An article by Mike Pickering, reproduced with kind permission.
It was our first sight of Yatton Keynell – and it didn’t look very promising.
My wife, Sue, had found the village on the map. We were moving from London and she had seen a picture in an estate agent’s window of new houses being built in the centre of the village. We decided to investigate.
Driving from Chippenham the first thing that caught our eyes as we entered the village was a cluster of the ugliest buildings imaginable sitting in the middle of what seemed to be a somewhat neglected field. Built of wartime utility brick, the buildings appeared to serve no practical purpose. They were huge, windowless, solid and functional in appearance, but what possible function could they serve, we wondered?

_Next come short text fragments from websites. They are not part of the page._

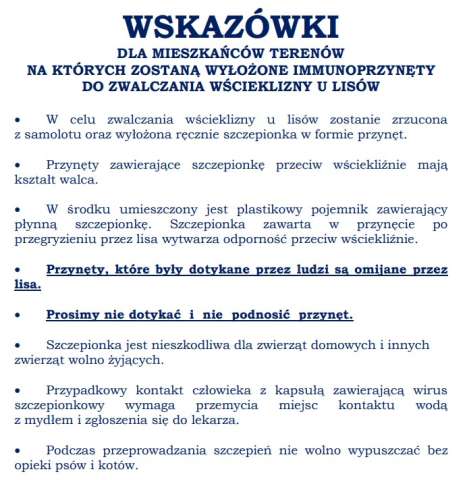 szczepienie lisów wolno żyjących  przeciw wściekliźnie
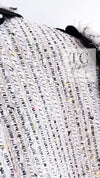 CHANEL 04S Ivory Grey Black Fringe Tweed Jacket Skirt Suit 36 38 シャネル アイボリー グレー ブラック フリンジ ツイード ジャケット スカート スーツ 即発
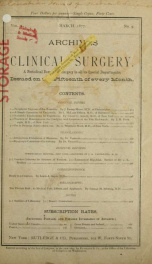 Hospital Gazette and Archives of Clinical Surgery 1 no 9_cover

The year was 1983. Six years earlier the village had persuaded the Ministry of Defence to return the land it had compulsorily purchased during the war to Yatton Keynell ownership. And with the land came the buildings – block houses – Sue and I soon learned – protecting pumping station machinery from blast damage should any German bombs fall close by.

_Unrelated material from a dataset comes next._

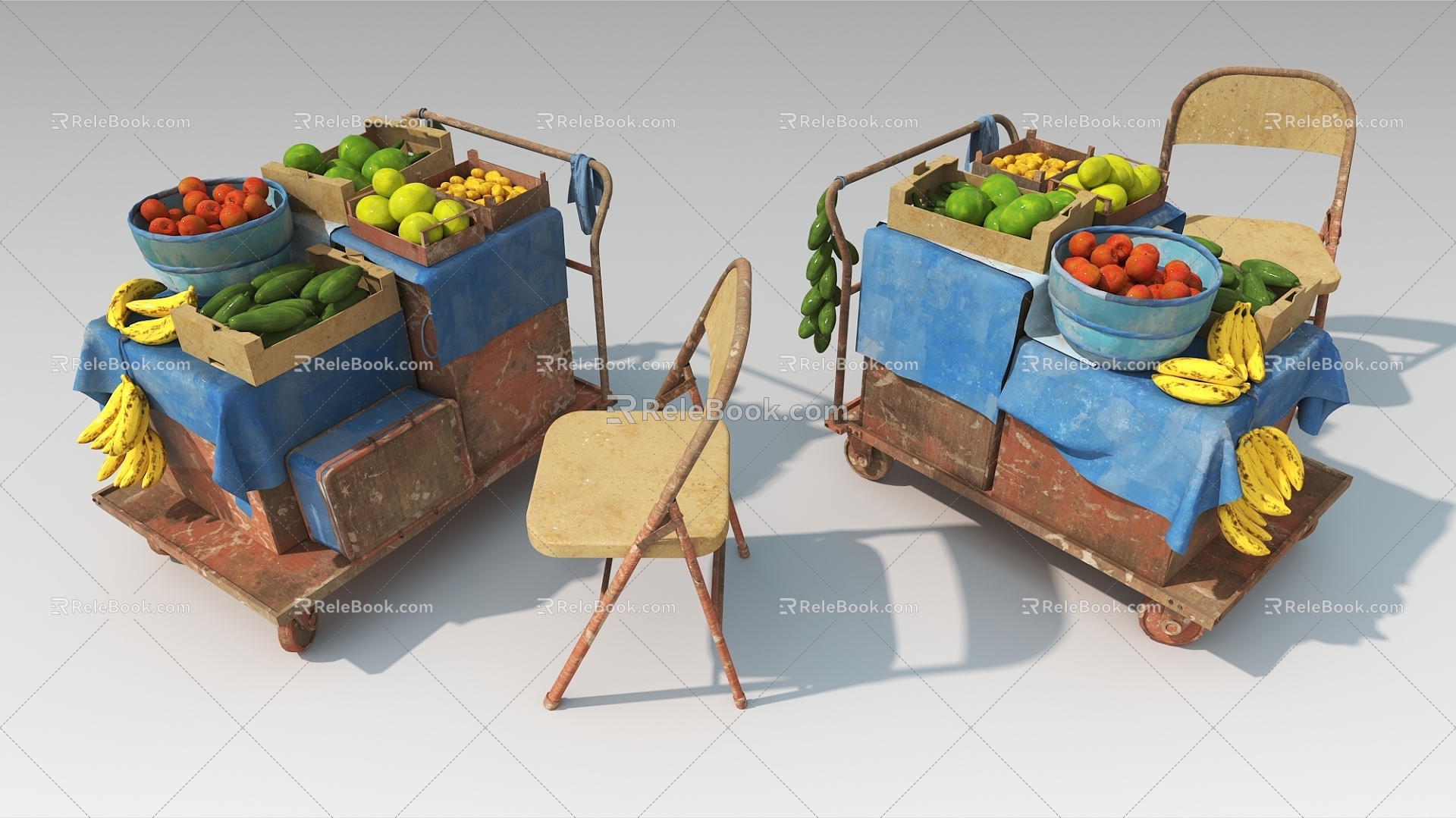 Booth Old Stall Fruit Stall Outdoor Stall Fruit Store Life Items 3d model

And so we learned the story of the oil pipeline running through the village and down to the south coast to fuel the invasion ships and vehicles assembling for D-Day. The oil pipeline remains in use, it’s line marked by white posts situated in hedges and at roadsides, but the block houses are long gone, thanks to much effort by villagers.

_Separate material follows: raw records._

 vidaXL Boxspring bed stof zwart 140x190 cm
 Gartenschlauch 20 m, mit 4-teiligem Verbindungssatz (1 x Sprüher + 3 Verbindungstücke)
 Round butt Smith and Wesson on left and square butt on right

They have been replaced over the last 35 years by the village hall, the school and the play area landscaped by a tree planting programme that continues today, with the dedication of a Diamond Jubilee Tree by Barbara Hughes.
Together they provide Yatton Keynell with village facilities to be proud of.
A Jubilee Field named for the Queen’s Silver Jubilee in 1977 and thriving today, 35 years of effort later as the village celebrates the Queen’s Diamond Jubilee.